SELL PAYPAL: Last week, Rothschild & Co Redburn downgraded PayPal to Sell from Neutral with a price target of $50, down from $70. PayPal should be well positioned for agentic commerce given its scale, but its advantage will erode as consumer behavior shifts, the firm tells investors in a research note. Rothschild & Co Redburn says the “marginal consumer” is increasingly choosing alternative payment methods. It sees Shop Pay, Stripe Link, Apple Pay and Google Pay as “winning the incremental user.”
COMPETITIVE PRESSURES: Meanwhile, Cantor Fitzgerald analyst Ramsey El-Assal initiated coverage of PayPal with a Neutral rating and $60 price target Recent strategic initiatives have created a more balanced, profitable growth engine across Branded, PSP, and Venmo, the analyst tells investors in a research note. The firm added that momentum across these vectors should drive further volume and revenue acceleration in FY26, though competitive pressures remain “intense.”
ACQUISITION: PayPal announced it has agreed to acquire Cymbio, a multi-channel orchestration platform that helps brands sell across agentic surfaces, including Microsoft Copilot and Perplexity, and other e-commerce channels. PayPal previously partnered with Cymbio as part of its agentic commerce services, a suite of solutions that allows merchants to attract customers and drive sales in the new era of AI-powered commerce. The transaction is expected to close in the first half of 2026, subject to customary closing conditions. Deal terms were not disclosed.

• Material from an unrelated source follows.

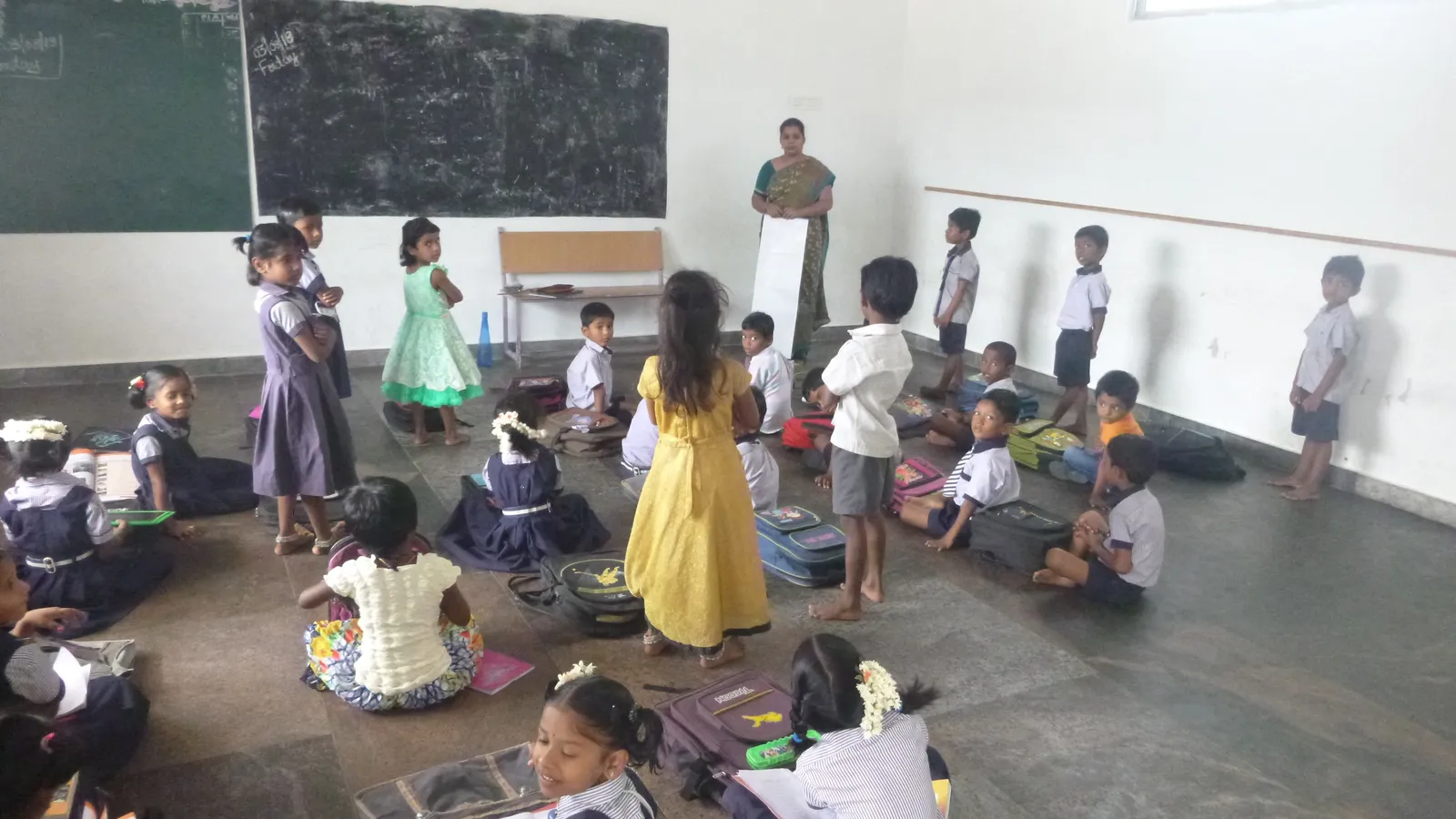 Young primary pupils with school bags sitting and standing on a classroom floor as their teacher looks on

Commenting on the agreement, Morgan Stanley says the combined capabilities will enable merchants to synchronize their product data, real-time inventory, and fulfillment logic directly with AI platforms. The firm believes this to be a step in the right direction in increasingly agentic world, but sees a small immediate contribution. Furthermore, Morgan Stanley thinks it doesn’t address the most pressing issue. As it outlined in its recent downgrade, the firm believes PayPal’s partnerships and integrations with AI players are unlikely to soften the pace of persistent consumer checkout share loss. Morgan Stanley has an Underweight rating on PayPal with a price target of $51 on the shares.